Même chose avec Le Carnaval des âmes, précurseur de bien des films notamment de La nuit des morts-vivants de Romero. Réalisé par Herk Harvey avec des économies de bouts de chandelle (encore !) et tourné à Salt Lake City, Le Carnaval des âmes a connu un échec à sa sortie avant d’obtenir petit à petit une réputation de film culte loin d’être volée. Son atmosphère particulière, sa façon de gérer le fantastique, son sens du cadre, ses personnages fantomatiques et sa fin cruelle en font un petit classique instantané. Certes, le film a un peu vieilli dans son rythme et certains plans font vraiment ressentir le peu de budget du tournage mais le tout est inséré au sein d’un univers visuel tellement fort et tellement hypnotique qu’on ne peut qu’être charmé par cette proposition de cinéma forte, qui hante nos rétines bien après sa vision.

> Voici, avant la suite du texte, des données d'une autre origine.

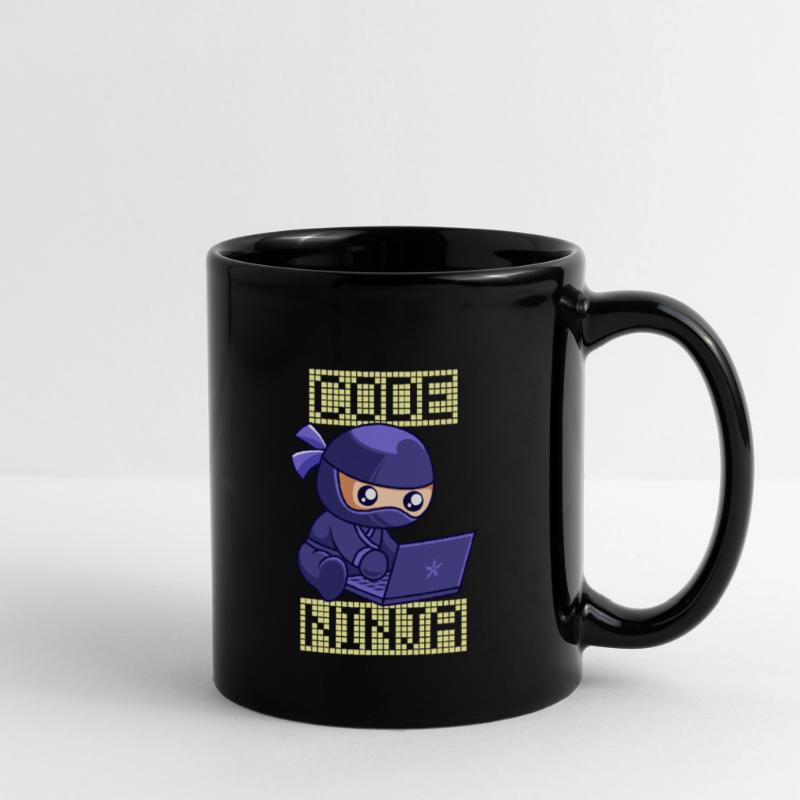 Code Ninja Coder Software Developer Programmer Full Colour Mug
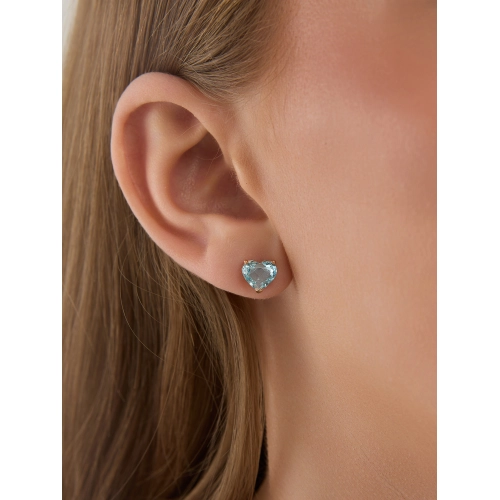 Пусеты (585) топаз ситалл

La sélection se termine avec Le Fils du pendu, certainement le film le plus abouti des six proposés. Réalisé par Frank Borzage, le film s’attarde sur le parcours de Danny Hawkins. Brimé toute sa vie parce que son père a été pendu quand il était tout jeune, Danny a sans cesse subi les persécutions de ses camarades. Jusqu’au soir où, poussé à bout une fois de trop, il assassine l’un de ses rivaux. Par peur de finir comme son père s’il se rend, Danny cache le corps et tâche d’échapper aux mailles de la police. Traité comme un film noir, le film est aussi un drame subtil sur le poids des actions de nos parents et sur la notion de bien et de mal. Superbement mis en scène par Frank Borzage qui transforme les décors du bayou en véritables tableaux oniriques, Le Fils du pendu surprend par son joli plaidoyer pour la compréhension, le shérif de la ville allant même jusqu’à dire qu’il y a toujours deux victimes et deux coupables dans un meurtre. Un peu naïf sur la fin, le film fait montre d’une subtilité bienvenue et finalement assez rare pour une œuvre de 1948.

Le Fils du pendu

Avec ce panorama de classiques américains, Artus semble nous montrer qu’il a toujours existé plusieurs façons de traiter un même genre et que les alternatives au budget plus modeste se sont souvent montrées plus audacieuses. De quoi nous donner envie de redécouvrir tout un pan du cinéma américain, décidément foisonnant et passionnant.

1 Commentaire

  1. Enfin! La France se rend compte que « les classiques du 7ème art » ne se résument pas au cinéma hexagonal… très bonne initiative. Ne vous arrêtez pas en si bon chemin, il reste tellement de petits chefs d’œuvres tournés aux Etats-Unis à découvrir sans devoir faire ses achats outre Atlantique. Merci.